ヨハネ福音書を生み出した教会は、まさにそのような勝負どころに直面していたようです。「人々はあなたがたを会堂から追放するだろう。しかも、あなたがたを殺す者が皆、自分は神に奉仕していると考える時が来る」(16:2)といわれていた、その「時」が今まさに来つつありました。世に憎まれるということを経験し、落伍する者が出始め、教会内に動揺が走る・・・。そんな時、主イエスの残していかれた御言葉はどれほど大きな力となったことでしょう。「世が・・・あなたがたを憎む前にわたしを憎んでいたことを覚えなさい」。「だから、あなたがたも憎まれるのだ」。
イエス様はこうも言われました。「あなたがたが世に属していたなら、世はあなたがたを身内として愛したはずである。だが、あなたがたは世に属していない」。これはわたしたちの“正体”に関わることです。パウロがフィリピ3:20で「しかし、わたしたちの本国(国籍、市民権)は天にあります」と言っていることを思い起こします。私は日本国発行のパスポートを持っていて、これがないと国外へ行けませんが、しかしこの旅券が私の本性を現すとか、私の生き方を形成するということはありません。私の人間性や生き方に関わるのは「天」にある市民権です。これこそが私の言動、そしてキリストに従うという生き方を規定するものです。それが世の要求と衝突する時、世に憎まれることも起こるでしょう。しかしそれは譲れないことです。キリストがわたしを選び、キリストのものとして下さったのですから。
Resident Aliens(邦題『旅する神の民』ハワーワス&ウィリモン著)という本があります。キリスト者とは、世に居留している異星人だというのです。

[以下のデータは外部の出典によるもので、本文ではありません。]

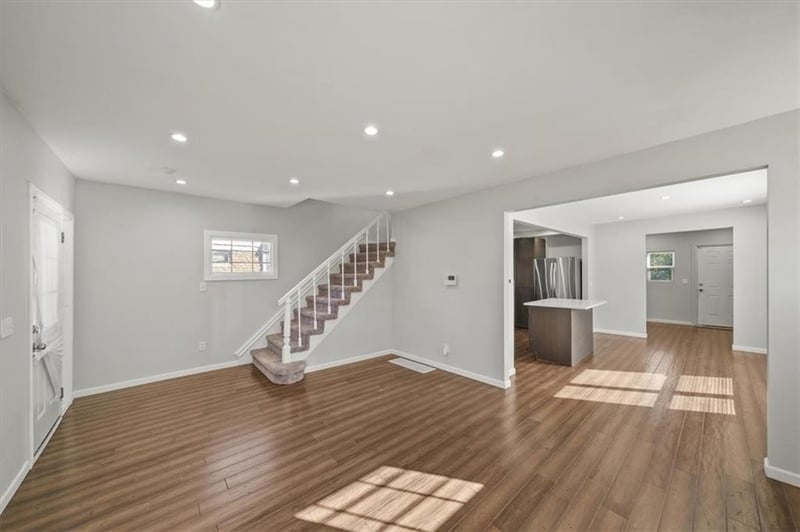 3409 Olive Ave, Kansas City, MO 64109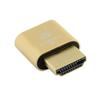 xiwai 4K Virtual Display Adapter HDMI 1.4 DDC EDID Dummy Plug Headless Ghost Display 1920x1080p@60Hz view 2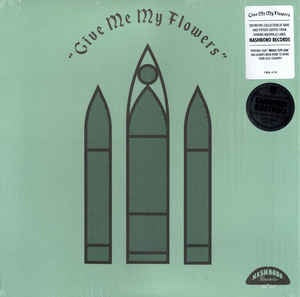 Various – Give Me My Flowers - New LP Record 2018 Third Man USA Vinyl & Insert - Soul / Gospel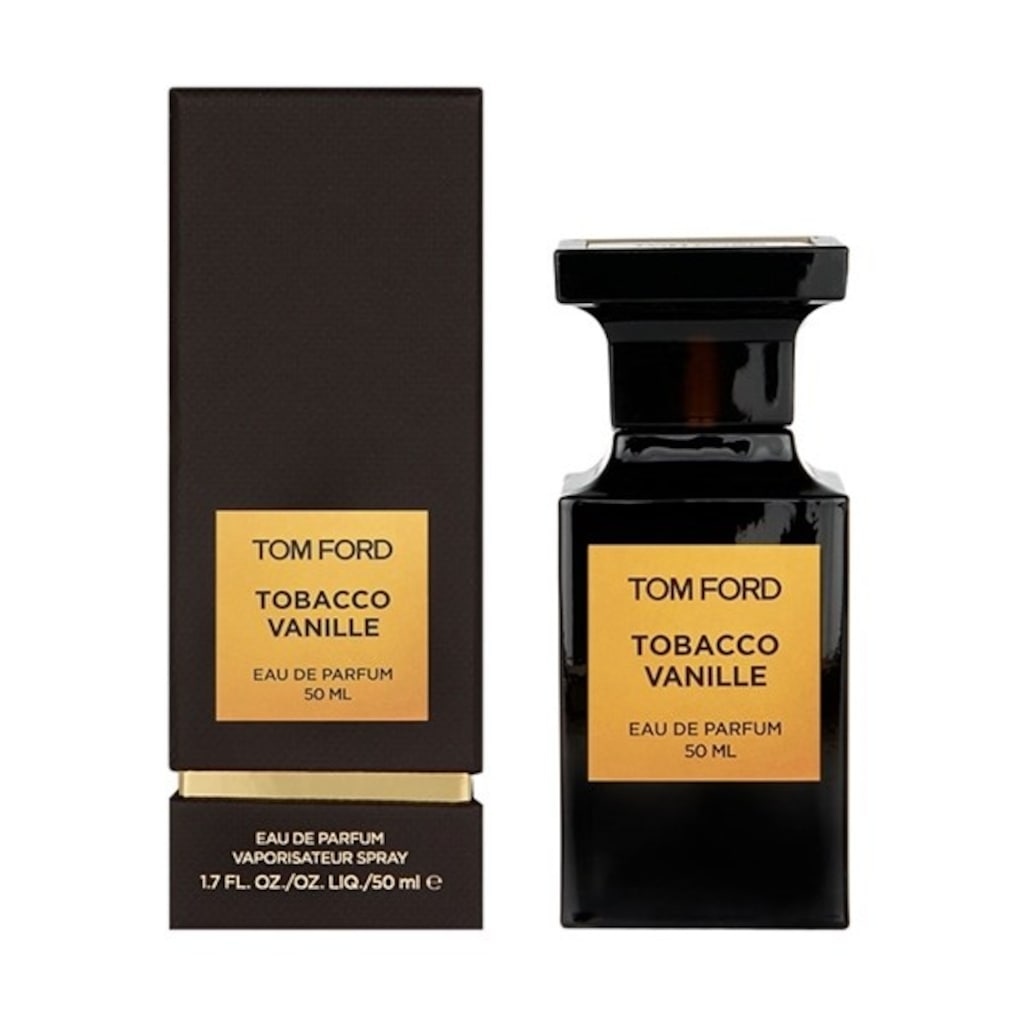 Tom Ford Tabacco Vanılıa Edp 100 Ml Erkek Parfüm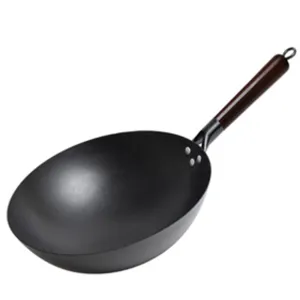 Non Stick Wok 34cm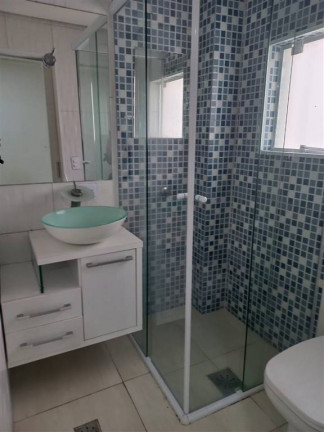 Imagem Apartamento com 2 Quartos para Alugar, 67 m² em Boqueirao - Praia Grande Imagem Apartamento com 2 Quartos para Alugar, 67 m² em Boqueirao - Praia Grande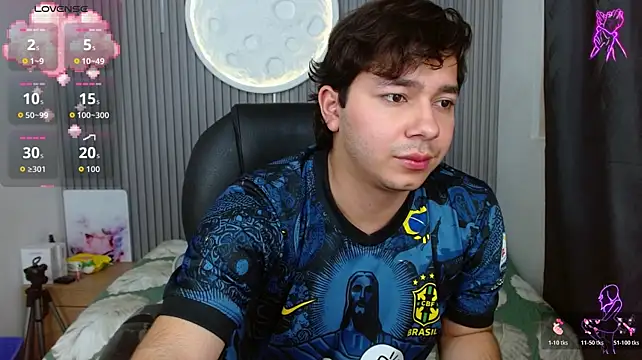Julian_Smith21 webcam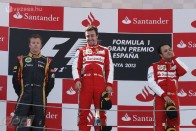 F1: Massa durván odamondott a fizetősöknek 8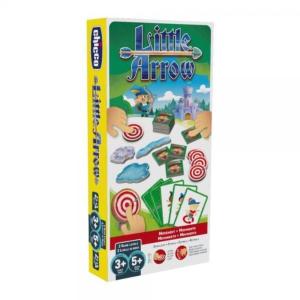 GIOCO TASCABILE LITTLE ARROW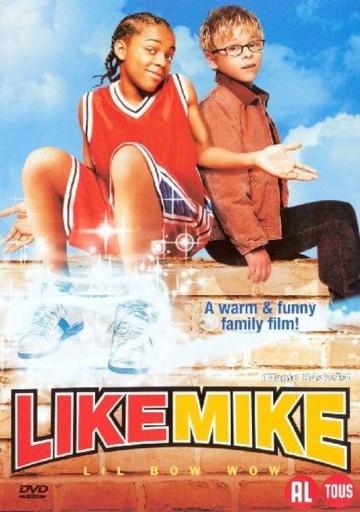 Like Mike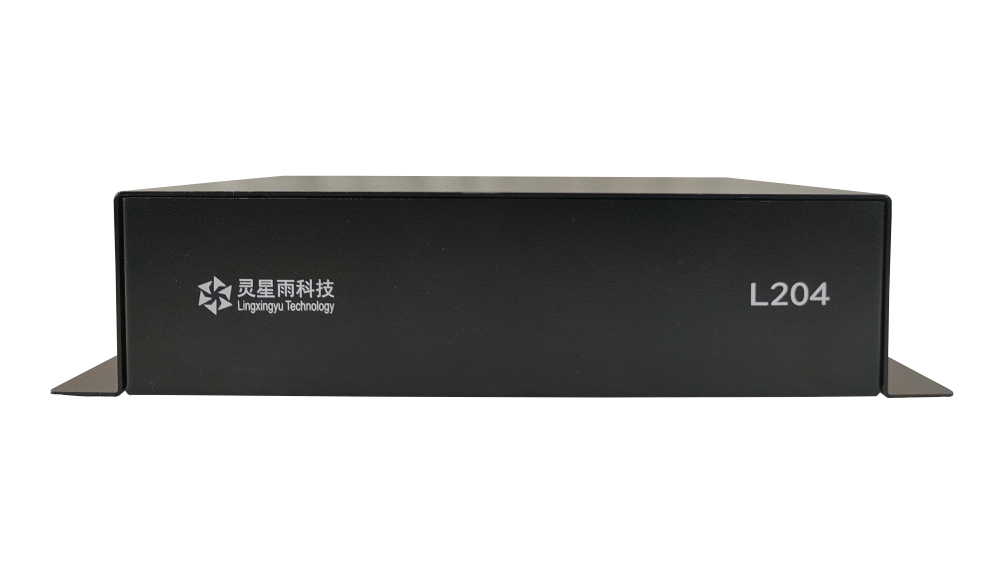 Linsn L204 LED Display Video Multimedia Player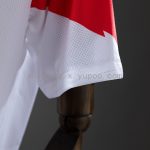 Man Utd 2010/11 Away Champions League Retro Jersey - 图片 3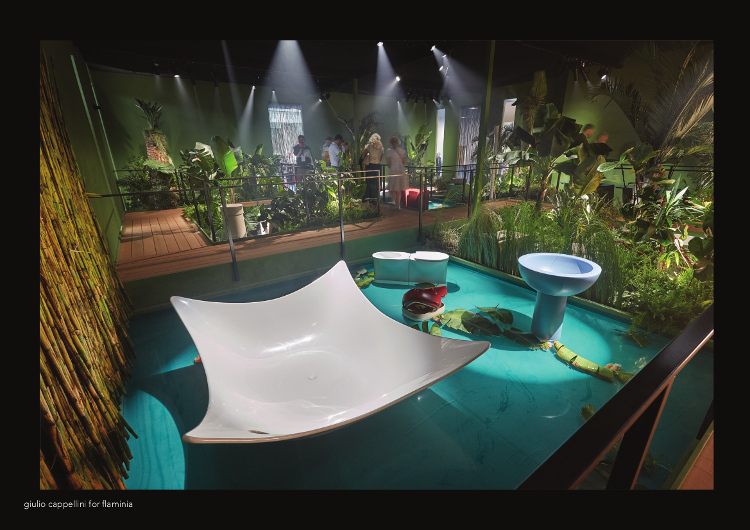 Pendapat Cappellini tentang Kondisi Desain di Dunia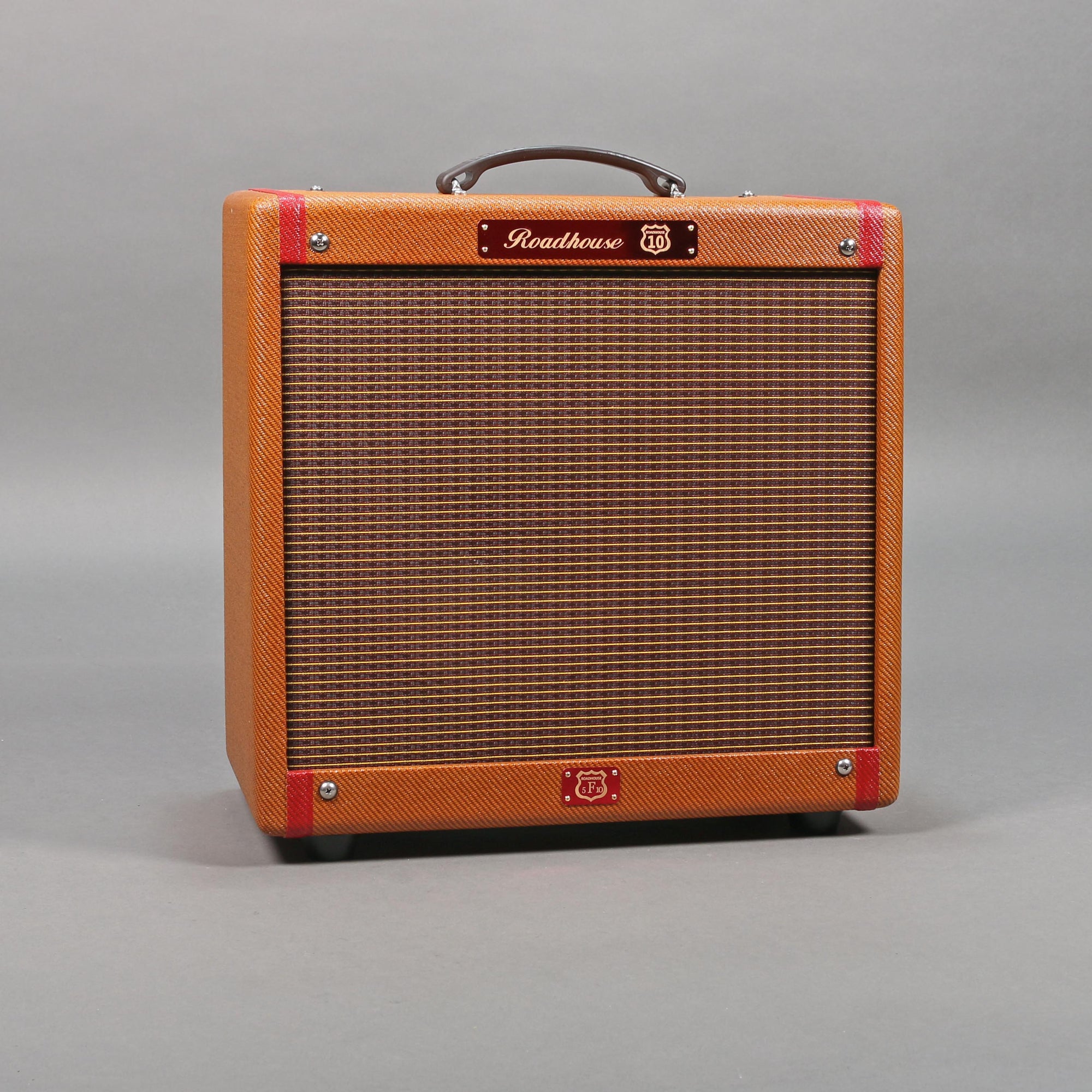 2026 Roadhouse Amplifiers "Harvard" 5F10
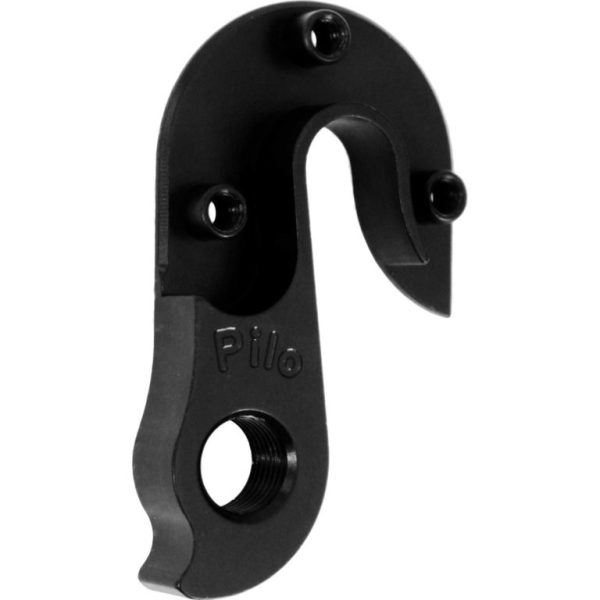 PILO D767 CNC – Gear mech derailleur hanger – Corratec - Image 2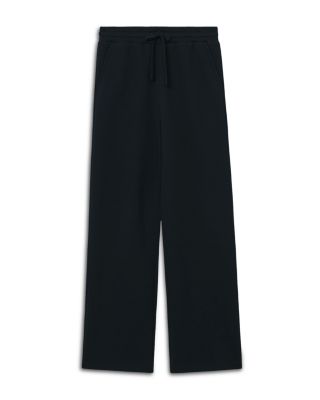 Gaia Wide Leg Joggers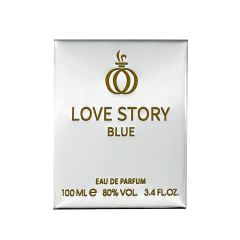 Luxury Gold Foil Metal Perfume Labeling | Riyadh Flower Series Custom Metal Label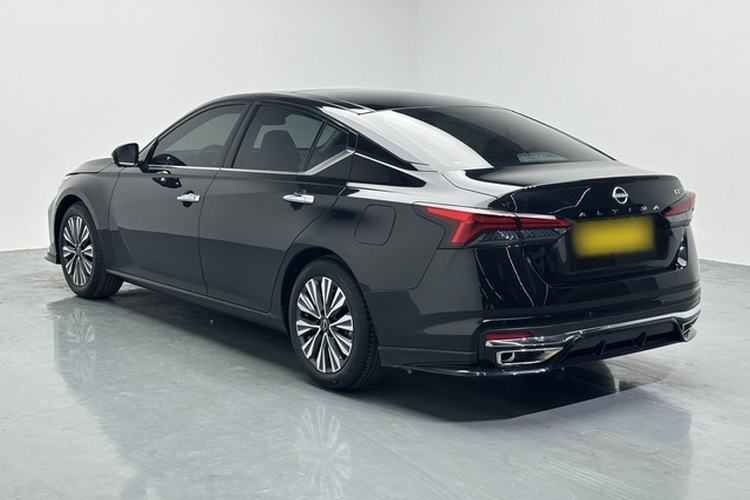 Used Nissan Teana 2022 2.0L XL-Upr Enjoyment Edition Exterior 4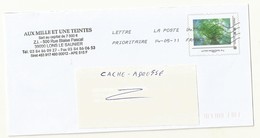 PAP LETTRE PRIORITAIRE   LOT  G4S/10V415. - Prêts-à-poster: Other (1995-...)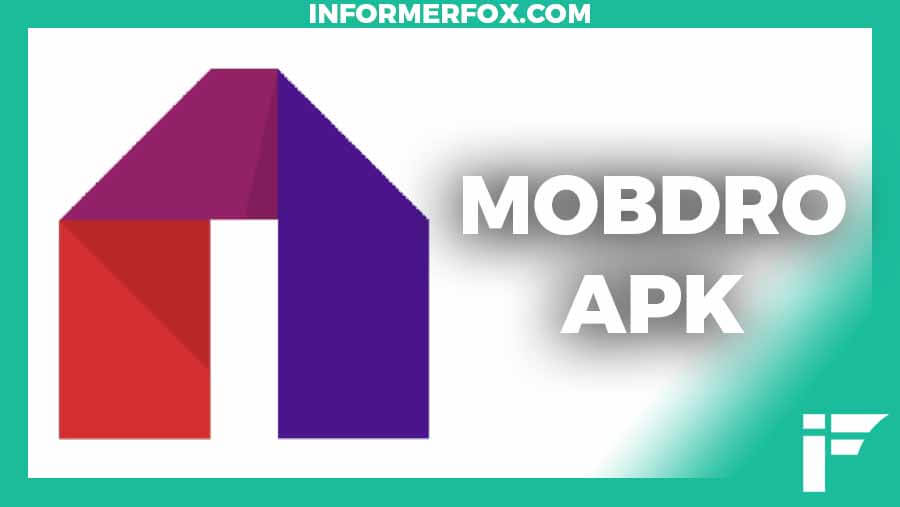 [Updated] Mobdro APK Download Latest Version 2.1.64 (Official)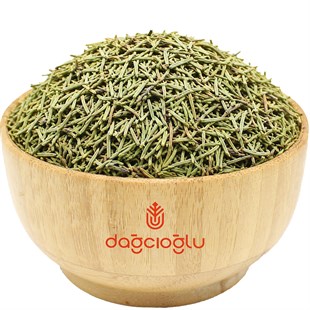 Dağcıoğlu Funda Yaprağı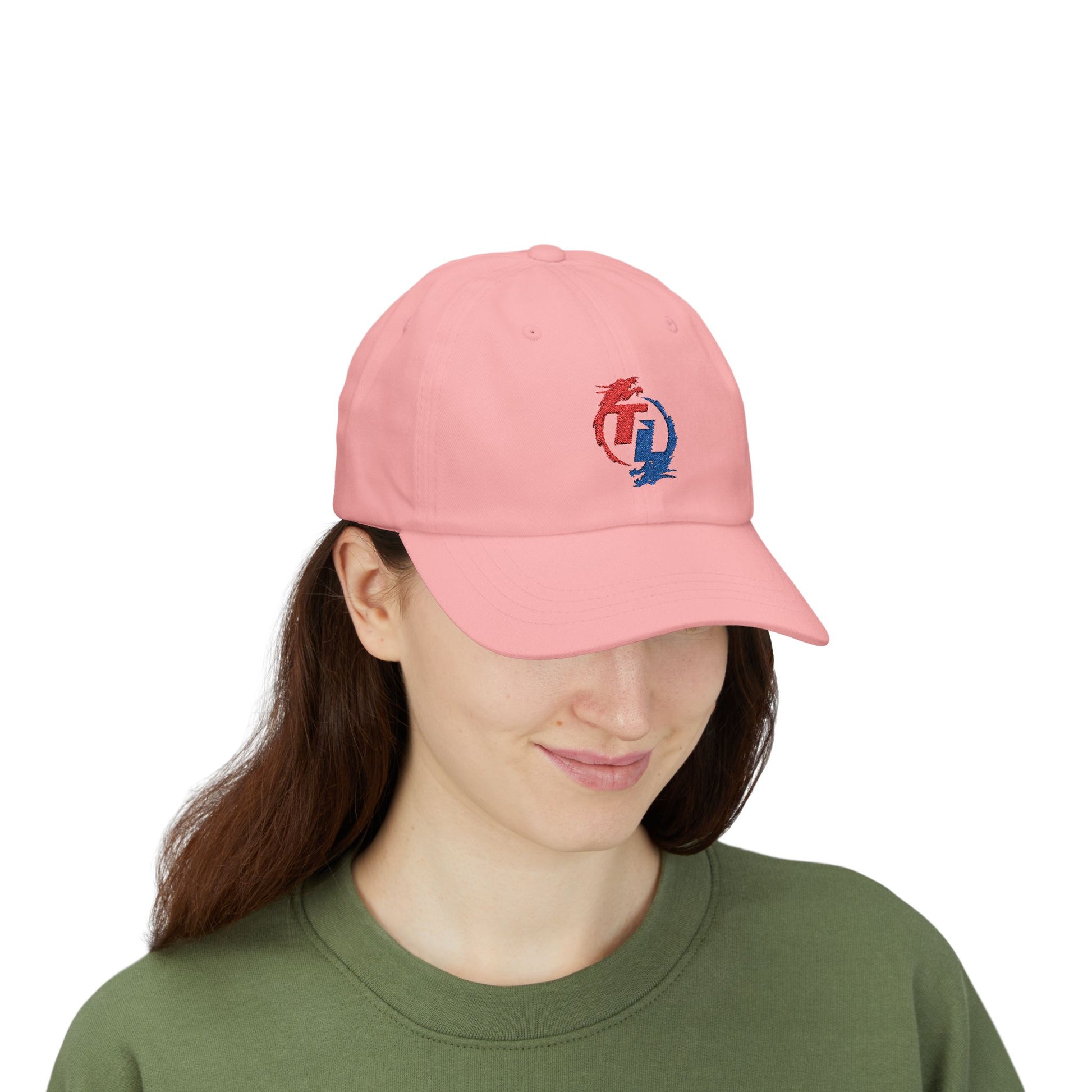 Team Legacy Stormshade Classic Cap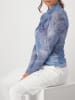 monari Longsleeve blauw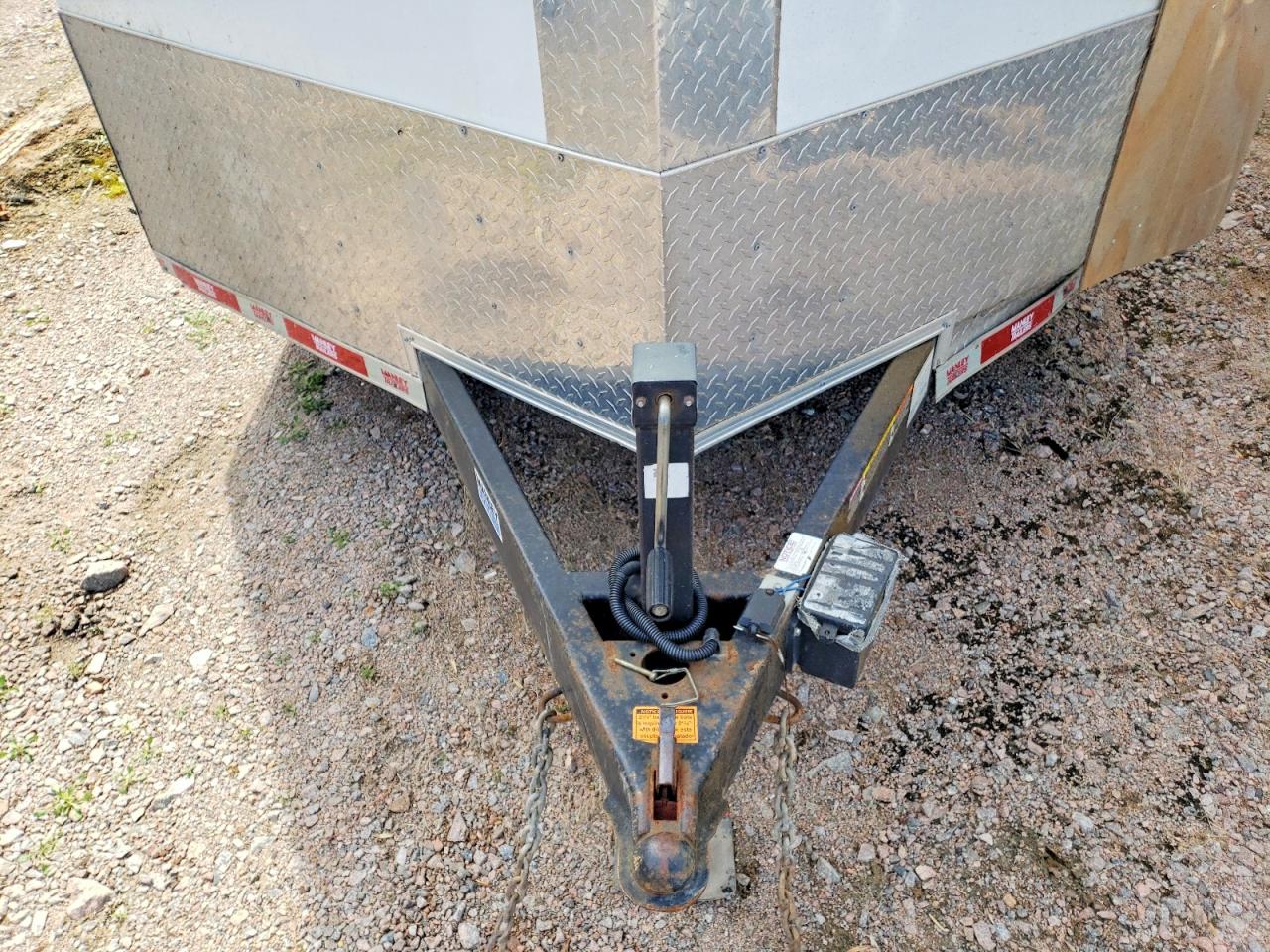 Manley Trailers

つまり、キリスト者はこの世に生きるもの、世への責任をもってこの地に根を張って生きるものであるが、「この世のもの」ではない。だからエイリアンです。天に属する者たちがこの世のものになってしまわないのは、この世のためにも必要なことなのです。なぜなら、この世だって神様に愛されている被造物であって、神様を知ることが必要だからです。エイリアンの生き方を見て、世は神を仰ぐのです。世とは異なる価値観をもって生きる時、衝突や摩擦が起こるでしょうが、しかしそれは避けてはいけないことなのです。
クリスチャンにとっての勝負。それは悲壮な覚悟で歯をくいしばって生きる、ということとはちょっと違います。より自然で、人間らしいことです。それは、自分が本来の自分であることを守るということ。神に愛されている者が、神に愛されている者としての生き方を貫くこと。神が光をともし、卓上に置いてくれたキャンドルは、卓の下に置かれたり火を消されてはなりません。悪い力に襲われ、曲げられそうになっても、主のものとされた私は主のものとして生きる。主イエスがあなたを受け止め、あなたを愛し、あなたと共にいてくださるから、あなたはそうできるのです。